Dalam sidang yang menghadirkan terdakwa tunggal Aryo Maulana Bagus Budi selaku Direktur Utama PT AM Indo Tek itu mengungkap sebuah fakta.
Fakta yang terungkap dalam persidangan itu berupa dokumen perusahaan PT AM Indo Tek yang belum lengkap saat akan melaksanakan pekerjaan. Namun demikian, pihak perusahaan tak kunjung melengkapi dokumen persyaratan yang diminta oleh PT PCM.
Hal tersebut diungkapkan oleh Herny Setiawanti selaku Manager Sumber Daya Manusia (SDM) dan Umum PT PCM.
“14 Item, saya lupa. Data itu kurang tahu, tapi yang jelas setelah kontrak banyak dokumen yang belum lengkap,” ungkapnya dihadapan majelis hakim.
Herny menjelaskan, saat PT PCM akan melakukan pengadaan kapal tersebut, Walikota Cilegon yang saat itu masih dijabat Edi Aryadi bersama sejumlah pejabat lainnya, melakukan survei ke Balikpapan dan Singapura.

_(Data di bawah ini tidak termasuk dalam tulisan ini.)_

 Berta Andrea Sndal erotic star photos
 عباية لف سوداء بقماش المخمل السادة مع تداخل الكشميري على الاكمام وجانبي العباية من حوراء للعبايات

“Ada dua kegiatan luar, survei ke Balikpapan dan Singapura yang diajukan operasional. Siapa yang berangkat saja, nanti kita yang anggarkan. Edi, Arief, Akmal, Antok, Rifat (yang ikut survei ke Singapura),” katanya.
Herny menjelaskan rencana penambahan kapal togboat untuk PT PCM sudah lama dibahas oleh direksi. Bahkan pada saat Rapat Umum Pemegang Saham (RUPS), Arief Rivai Madawi membahasnya secara khusus.
“Pengajuan penambahan kapal ini sudah lama. Setiap rapat ada keluhan soal kapal tunda (tugboat). Saat RUPS ada pengajuan itu (Kapal Tunda), hadir (terdakwa),” jelasnya.
Herny menyebut pembahasan pengadaan kapal tugboat itu diduga tanpa sepengetahuan pemegang saham. Sebab, saat pembahasan, suasana rapat berubah dan tidak kondusif, terlebih PT PCM telah memberikan Down Payment.
“Arif, penyampaian hal teknis soal kapal tunda, dan bukti pembayaran jika kapal sudah di DP, bukti transfer di infokus. Suasananya jadi kurang enak, ada yang kaget kok sudah di DP ya. Karena sebelumnya tidak ada pemberitahuan, agak kaget,” jelasnya.
Sementara itu, saksi lainnya Ilham mengatakan sosok RM Aryo Maulana Bagus tidak asing baginya. Sebab, terdakwa sering mendatangi Alm Arief Rivai Madawi di Kantor PCM, sebelum adanya proyek Joint Operation pembelian kapal. “Tahu sering beberapa kali ke kantor ketemu pak Arief,” tuturnya.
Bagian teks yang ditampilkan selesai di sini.